Docker part 3 - Going Beyond, Kubernetes
Improving the microservice applications using Kubernetes
- How can you improve? Kubernetes
- Understanding workloads
- Understanding services
- Building my own examples
How can you improve? Kubernetes
In the previous post, I created a simple service that summarizes news contents using ML model, Streamlit and Docker Compose. Well there must be ways to improve the application, as that application was mostly built on top of what I already knew about Docker. What are the next step for improving the application? Well the direction is quite clear, as there is an evident limitations with the current approach of using Docker Compose. It works for testing locally on my computer, but it’s not scalable in the production, as it’s meant to run on a single host. To summarize:
- You can implement health checks, but it won’t recreate containers when it fail (absence of self-healing)

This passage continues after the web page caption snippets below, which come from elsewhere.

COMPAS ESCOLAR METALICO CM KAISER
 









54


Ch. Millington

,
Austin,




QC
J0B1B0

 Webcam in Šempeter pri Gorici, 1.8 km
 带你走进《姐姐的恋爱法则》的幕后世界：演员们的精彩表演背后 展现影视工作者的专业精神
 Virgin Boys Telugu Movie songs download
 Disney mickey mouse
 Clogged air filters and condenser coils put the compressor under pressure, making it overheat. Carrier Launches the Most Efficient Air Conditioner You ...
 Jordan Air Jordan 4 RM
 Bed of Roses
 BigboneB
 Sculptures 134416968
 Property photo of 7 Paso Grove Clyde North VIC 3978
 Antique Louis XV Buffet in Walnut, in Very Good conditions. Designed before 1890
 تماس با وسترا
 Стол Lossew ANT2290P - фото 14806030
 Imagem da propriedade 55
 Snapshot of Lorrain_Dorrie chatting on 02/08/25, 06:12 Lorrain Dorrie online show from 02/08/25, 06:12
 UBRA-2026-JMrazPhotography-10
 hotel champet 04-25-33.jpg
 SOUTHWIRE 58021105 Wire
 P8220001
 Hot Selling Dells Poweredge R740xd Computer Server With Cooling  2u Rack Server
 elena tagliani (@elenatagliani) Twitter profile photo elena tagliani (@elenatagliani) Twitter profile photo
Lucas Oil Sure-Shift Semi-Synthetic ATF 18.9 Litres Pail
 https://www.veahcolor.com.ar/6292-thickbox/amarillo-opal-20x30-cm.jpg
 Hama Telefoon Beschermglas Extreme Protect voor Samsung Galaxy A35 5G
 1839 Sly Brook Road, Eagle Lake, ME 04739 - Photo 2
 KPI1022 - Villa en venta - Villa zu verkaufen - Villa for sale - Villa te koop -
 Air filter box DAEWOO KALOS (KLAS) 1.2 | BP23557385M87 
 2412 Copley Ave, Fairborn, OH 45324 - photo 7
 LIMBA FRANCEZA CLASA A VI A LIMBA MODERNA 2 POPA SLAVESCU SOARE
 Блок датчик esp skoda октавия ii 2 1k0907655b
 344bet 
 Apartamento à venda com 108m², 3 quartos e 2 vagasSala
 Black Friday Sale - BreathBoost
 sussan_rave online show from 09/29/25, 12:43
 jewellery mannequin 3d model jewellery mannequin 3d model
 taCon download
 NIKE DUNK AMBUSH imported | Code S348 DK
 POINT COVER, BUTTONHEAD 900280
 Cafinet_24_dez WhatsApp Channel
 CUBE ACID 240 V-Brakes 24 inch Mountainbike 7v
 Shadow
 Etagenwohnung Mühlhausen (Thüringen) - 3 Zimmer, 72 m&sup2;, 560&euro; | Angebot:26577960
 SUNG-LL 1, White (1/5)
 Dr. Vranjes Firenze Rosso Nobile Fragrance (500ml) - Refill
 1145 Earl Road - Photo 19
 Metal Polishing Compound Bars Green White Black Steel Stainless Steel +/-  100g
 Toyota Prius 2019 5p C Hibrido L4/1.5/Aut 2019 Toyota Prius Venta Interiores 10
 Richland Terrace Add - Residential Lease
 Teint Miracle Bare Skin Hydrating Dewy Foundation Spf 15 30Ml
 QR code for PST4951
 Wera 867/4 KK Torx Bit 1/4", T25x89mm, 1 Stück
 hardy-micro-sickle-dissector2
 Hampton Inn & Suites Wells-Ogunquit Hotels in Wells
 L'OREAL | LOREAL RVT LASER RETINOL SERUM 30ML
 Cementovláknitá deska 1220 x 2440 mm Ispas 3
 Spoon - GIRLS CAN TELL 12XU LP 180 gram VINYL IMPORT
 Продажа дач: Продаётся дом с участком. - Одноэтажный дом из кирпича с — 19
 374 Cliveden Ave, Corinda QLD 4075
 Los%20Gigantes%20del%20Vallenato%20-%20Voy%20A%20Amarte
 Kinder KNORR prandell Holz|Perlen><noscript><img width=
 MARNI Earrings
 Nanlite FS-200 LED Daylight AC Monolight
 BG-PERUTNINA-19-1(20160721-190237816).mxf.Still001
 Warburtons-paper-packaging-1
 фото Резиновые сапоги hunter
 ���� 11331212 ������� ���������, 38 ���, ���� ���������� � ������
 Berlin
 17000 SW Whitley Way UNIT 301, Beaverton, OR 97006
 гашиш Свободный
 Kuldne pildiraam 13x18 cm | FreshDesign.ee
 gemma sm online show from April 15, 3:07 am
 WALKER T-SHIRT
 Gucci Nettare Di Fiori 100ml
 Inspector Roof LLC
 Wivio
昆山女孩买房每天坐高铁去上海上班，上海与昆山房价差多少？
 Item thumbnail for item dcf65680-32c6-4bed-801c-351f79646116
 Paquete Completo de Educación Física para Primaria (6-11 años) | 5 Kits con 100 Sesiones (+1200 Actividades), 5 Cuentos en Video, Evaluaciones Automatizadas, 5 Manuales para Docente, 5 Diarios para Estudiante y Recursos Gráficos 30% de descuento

- Absence of proper load balancer
- Docker Compose is designed to run on a single host or cluster, while Kubernetes is more agile in incorporating multiple cloud environments and clusters.
- Kubernetes is easier to scale beyond a certain point plus you can utilize native services of AWS ,Azure and GCP to support our deployment.
Docker Swarm and Kubernetes are two possible options, but for scalability and compatibility, Kubernetes should be pursued.
Understanding Kubernetes
Kubernetes archietecture can be simplified to below image:
Containers
: Package everything in Containers so that Kubernetes can run it as a service.
Node
: It is a representation of a single machine in your cluster. In most production systems, a node will likely be either a physical machine in a datacenter, or virtual machine hosted on a cloud provider like GCP and AWS.
Cluster
: A grouping of multiple nodes in a Kubernetes environment. Kubernetes runs orchestration on clusters to control/scale nodes and pods.
Pods
: Kubernetes doesn’t run containers directly; instead it wraps one or more containers into a higher-level structure called a pod. Any containers in the same pod will share the same resources and local network. Containers can easily communicate with other containers in the same pod as though they were on the same machine while maintaining a degree of isolation from others. Because pods are scaled up and down as a unit, all containers in a pod must scale together, regardless of their individual needs. This leads to wasted resources and an expensive bill. To resolve this, pods should remain as small as possible, typically holding only a main process and its tightly-coupled helper containers
Understanding workloads
You have your applications running from Dockerfiles. In Kubernetes, these applications are referred as workload
. Whether your workload is a single component or several that work together, on Kubernetes you run it inside a set of pods.
Deployment
Deployment is the most common kind of Workloads
apiVersion: apps/v1
kind: Deployment
metadata:
name: nginx-deployment
labels:
app: nginx
spec:
replicas: 3
selector:
matchLabels:
app: nginx
template:
metadata:
labels:
app: nginx
spec:
containers:
- name: nginx
image: nginx:1.14.2
ports:
- containerPort: 80
You can define the behaviours of individual pods, but often it’s better to define them as deployment. The Deployment creates a ReplicaSet that creates three replicated Pods, indicated by the .spec.replicas field. You can choose to declare ReplicaSet
directly, but Deployment
is higher-level concept, and is often more preferred way to define things.
Jobs
There are many kinds of workloads besides Deployment
. Another useful type would be Jobs. A Job creates one or more Pods and will continue to retry execution of the Pods until a specified number of them successfully terminate. As pods successfully complete, the Job tracks the successful completions. You can also use a Job to run multiple Pods in parallel. By default, each pod failure is counted towards the .spec.backoffLimit.
apiVersion: batch/v1
kind: Job
metadata:
name: pi
spec:
template:
spec:
containers:
- name: pi
image: perl:5.34.0
command: ["perl", "-Mbignum=bpi", "-wle", "print bpi(2000)"]
restartPolicy: Never
backoffLimit: 4
Code above will run a program that counts in parallel, with failure limit up to 4. .spec.parallelism
controls parallel computation features.
CronJob
Cronjob is another useful workload type, performing regular scheduled actions such as backups, report generation, and so on. You can use these to perform ETL, and choose to make it more robust with tools like Airflow
apiVersion: batch/v1
kind: CronJob
metadata:
name: hello
spec:
schedule: "* * * * *" # refer to the website for controlling the schedule parameters.
jobTemplate:
spec:
template:
spec:
containers:
- name: hello
image: busybox:1.28
imagePullPolicy: IfNotPresent
command:
- /bin/sh
- -c
- date; echo Hello from the Kubernetes cluster
restartPolicy: OnFailure
Understanding services
Service is an essential part of Kubernetes.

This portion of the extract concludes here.